Description of the task:
Beginning with the line that holds "3 BEDROOM BRICK HOME WITH ENSUITE - Photo 3" and ending with the last line below, repeat each line exactly, leaving any pictures out.

Task input:
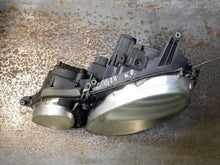 Laden Sie das Bild in den Galerie-Viewer, Frontscheinwerfer Mercedes-Benz W211 Links Scheinwerfer Headlight SCH2316363006ck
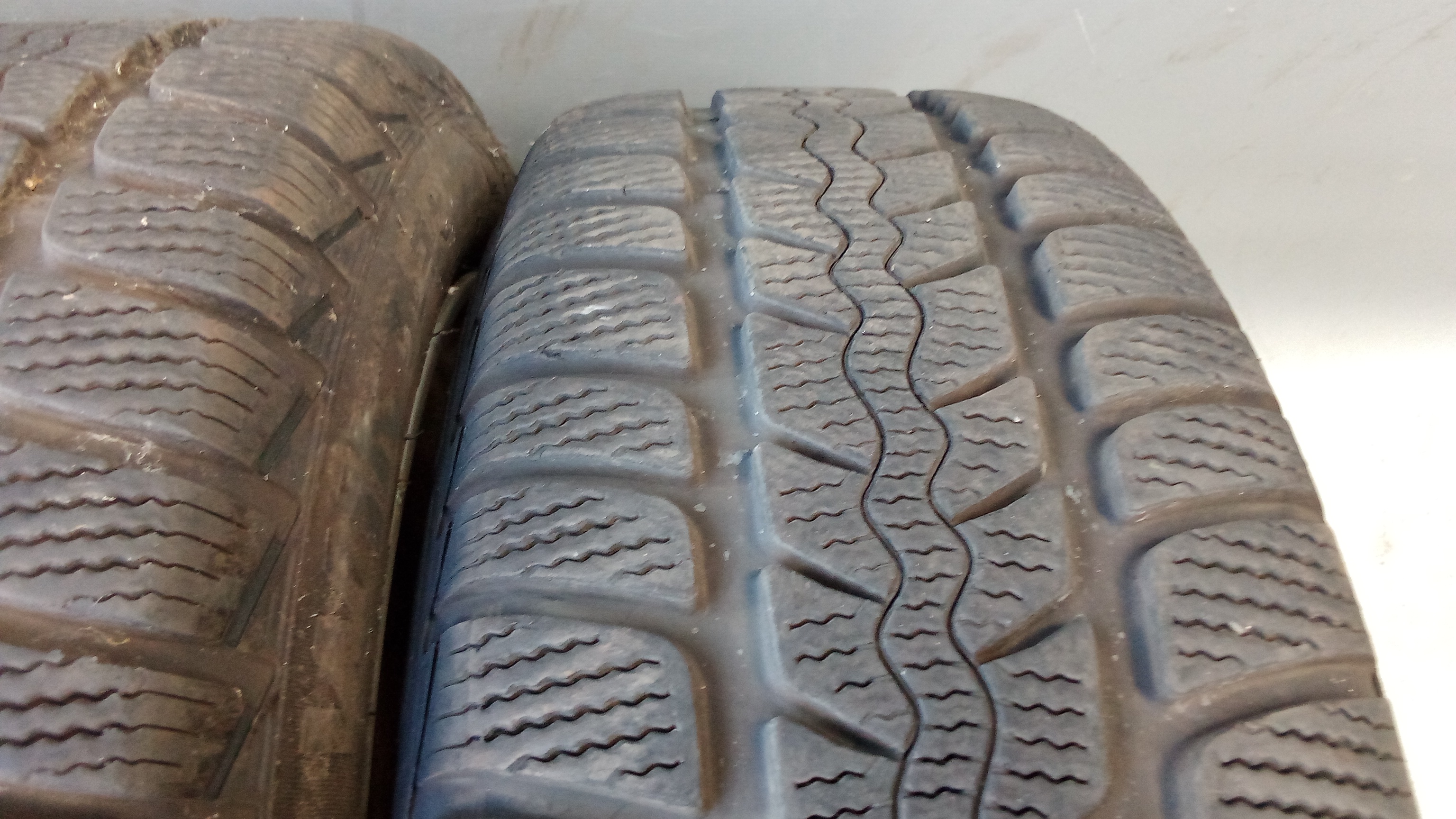 KBA44395 Mercedes W168 Alufelgen + Winterreifen 7x15 et50 185 55 R15 #XP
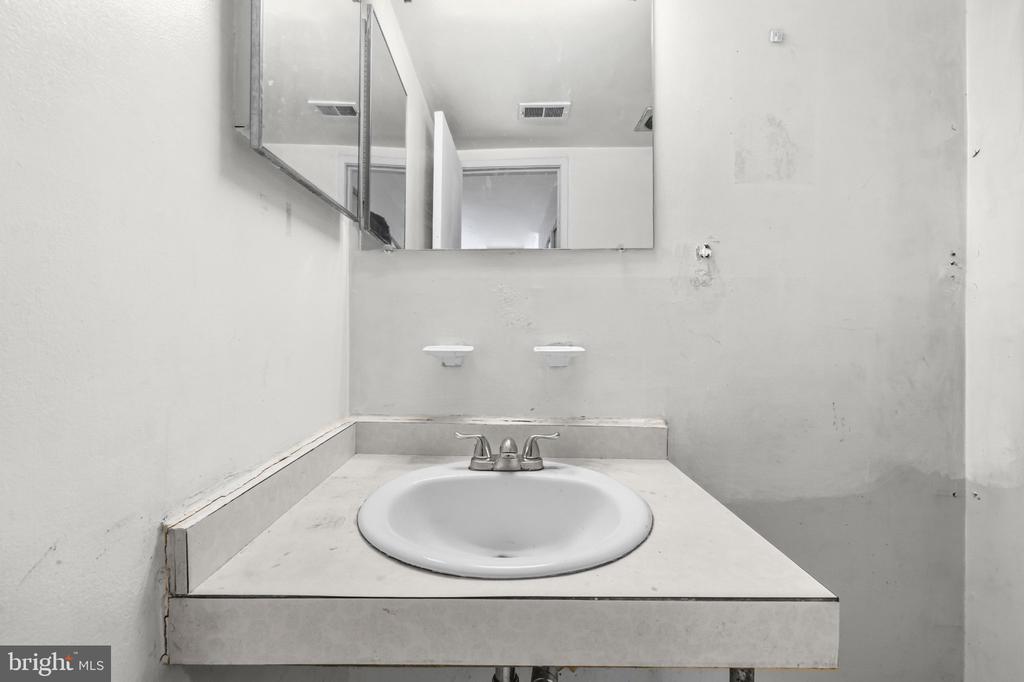 2103 WALSH VIEW TERRACE Unit: 102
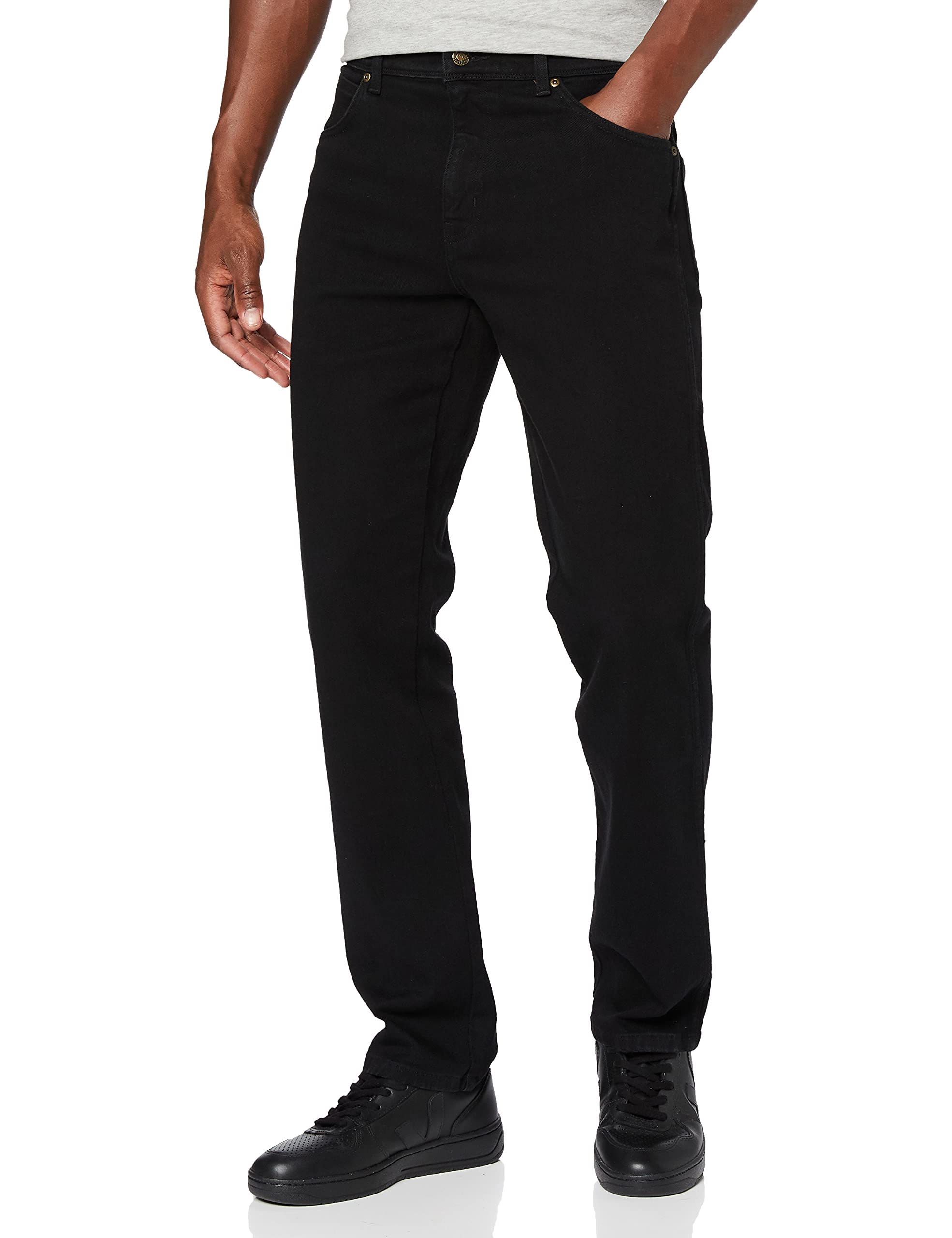 Wrangler Men's Black Black Herren Durable Regular Fit Straight Leg Jeans, Schwarz (Black), 44W / 32L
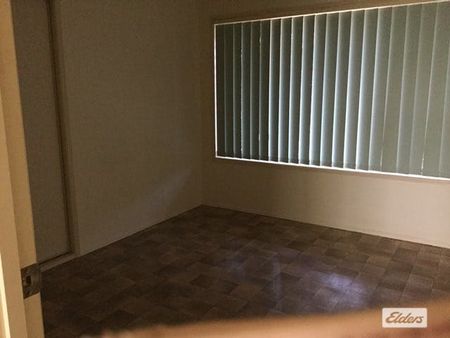 3 BEDROOM BRICK HOME WITH ENSUITE - Photo 3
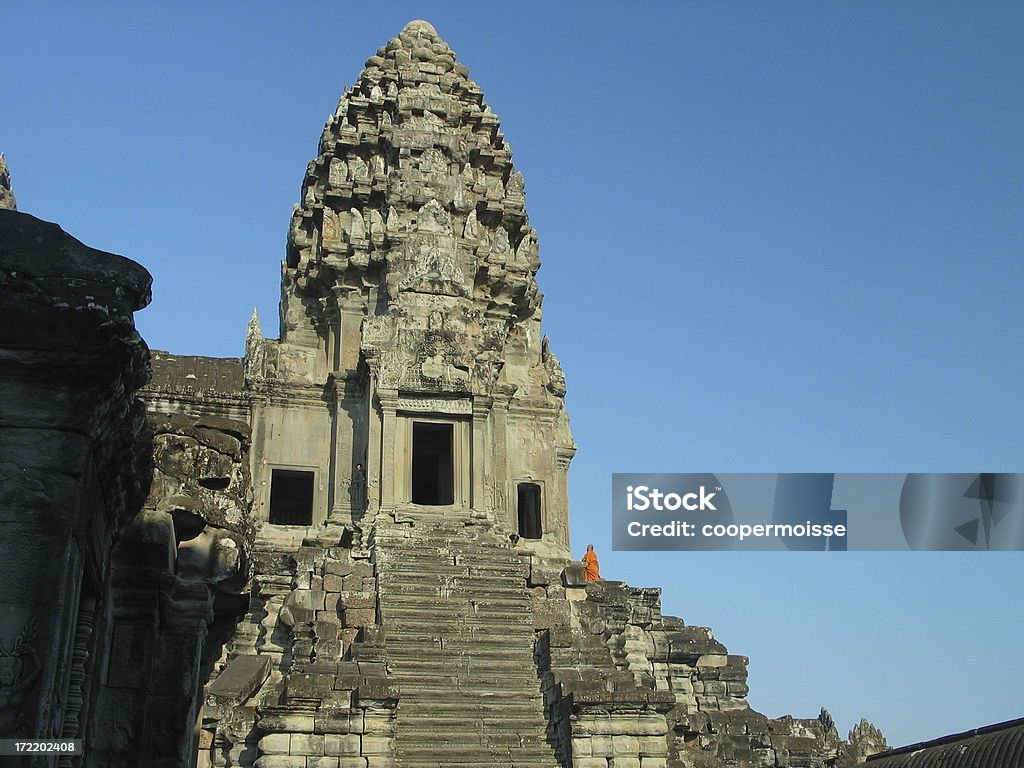 Monge budista em Angkor Wat - Foto de stock de Alívio royalty-free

Solution for this exercise:
 3 BEDROOM BRICK HOME WITH ENSUITE - Photo 3
 Monge budista em Angkor Wat - Foto de stock de Alívio royalty-free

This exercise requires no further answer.